UK Economy Hampered by Proliferation of Low-Productivity Firms, BCG Report Reveals

The United Kingdom's economic performance is being significantly undermined by a rapidly expanding cohort of low-productivity businesses, according to a comprehensive new analysis from Boston Consulting Group's Centre for Growth. The report, released this week, paints a concerning picture of declining business dynamism and widening productivity disparities across the nation's corporate landscape.

A Growing Tail of Underperforming Enterprises

Between 1997 and 2023, the number of firms operating below the 25th percentile for productivity nearly doubled, surging from 444,500 to 873,000. This dramatic increase far outpaced the overall growth in the total number of firms, which rose by 70 per cent over the same period. In stark contrast, the number of high-productivity firms—those above the 75th percentile—increased by just 62 per cent, indicating that productive enterprises now constitute a smaller proportion of the UK economy than they did a quarter-century ago.
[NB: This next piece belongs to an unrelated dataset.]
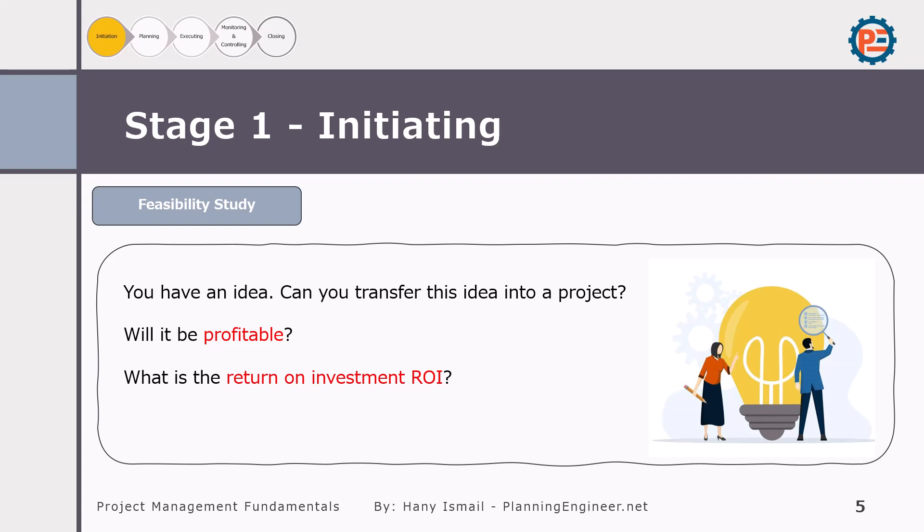Some may ask about governmental projects which are not constructed for profit — for example, building a governmental hospital. Although you are not going to collect money from patients, you still need to calculate the project as if it were a commercial hospital — how much a patient should pay — and determine the cost and after how many years it will pay for itself. This is how you calculate the return on investment regardless of who collects the money.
"We've witnessed lower productivity firms being able to survive for longer periods," explained Raoul Ruparel, chief UK economist at BCG's Centre for Growth. "This lack of business dynamism is partially responsible for the proliferation of these underperforming businesses." Ruparel emphasized that policy interventions should specifically target this long tail of unproductive firms by encouraging greater economic dynamism, including elements of creative destruction and facilitating more efficient labor redistribution across the economy.
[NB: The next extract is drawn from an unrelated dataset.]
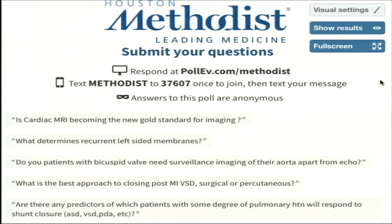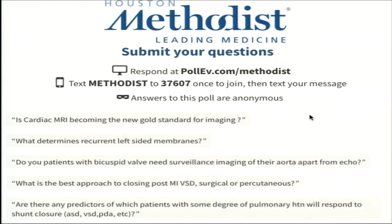Are there any predictors of which patients with some degree of pulmonary hypertension will respond to shunt closure? We should be thinking of all the tools in the toolbox when an adult presents with elevated pulmonary vascular resistance — but not so high that closure would be counterproductive. We should do things provocatively in the lab: a nitric oxide challenge to see how reactive the pulmonary bed is, reassessing how pulmonary vascular resistance is behaving on vasodilator therapy, and with ASDs, balloon occluding the defect in the lab to see how right heart mechanics respond.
Sectoral Shifts in Productivity Drivers

The BCG research uncovered significant changes in which sectors are driving productivity growth. Before the financial crisis, three key sectors—information and communications, manufacturing, and financial services—accounted for a dominant 84 per cent of all productivity growth across the UK economy between 1997 and 2007. However, this concentration has dramatically diminished in subsequent years.

From 2008 to 2018, these same sectors contributed just 46 per cent of productivity growth, and between 2019 and 2024, their share fell further to only 34 per cent. "Previously, the UK was able to thrive despite aggregate productivity growth being concentrated in a small number of large, high-performing sectors," the report noted. "However, while these sectors remain the main drivers of productivity growth, they are contributing much less than in previous decades."

The Broader Productivity Challenge

Productivity, which measures output per hour worked, is fundamentally connected to wage growth and improvements in living standards. Since the financial crisis, productivity growth has declined sharply across Western economies, with the UK experiencing a more pronounced slowdown than many of its international peers. The BCG report calculated that if the UK had maintained its pre-crisis productivity trend, the economy would be approximately £557 billion larger today.

Successive Chancellors have attempted to address the UK's persistent productivity challenge with limited success. The BCG paper suggests that meaningful progress will require the government to develop targeted, sector-specific solutions rather than broad-brush approaches.

Divergent Sector Experiences

The report highlights distinct patterns across different industries. In manufacturing, productivity growth has slowed across virtually all firms, suggesting the sector faces structural headwinds. Ruparel identified persistently high energy prices as a likely contributing factor to this widespread slowdown.

Conversely, in the information and communications sector, the most productive firms have performed relatively well in recent years, while lower and mid-tier firms have struggled significantly. This divergence implies that the diffusion of new ideas and technologies from frontier firms to laggards has been unusually slow—a long-standing problem for the UK economy across multiple sectors.

Ruparel referenced a 2018 speech by Andy Haldane, then chief economist at the Bank of England, which identified diffusion difficulties as a major cause of the UK's productivity slowdown. "We align with his view that we have a diffusion problem," Ruparel stated. "We have some of the most innovative firms globally, and at the top end, our most productive firms have been growing productivity strongly. But then there is this long tail of underperformers, and we've genuinely struggled to spread best practices, whether those are management techniques or new technological innovations."

The BCG report concludes that without addressing both the survival of low-productivity firms and improving knowledge diffusion across the economy, the UK will continue to face significant headwinds in achieving sustainable economic growth and improved living standards for its citizens.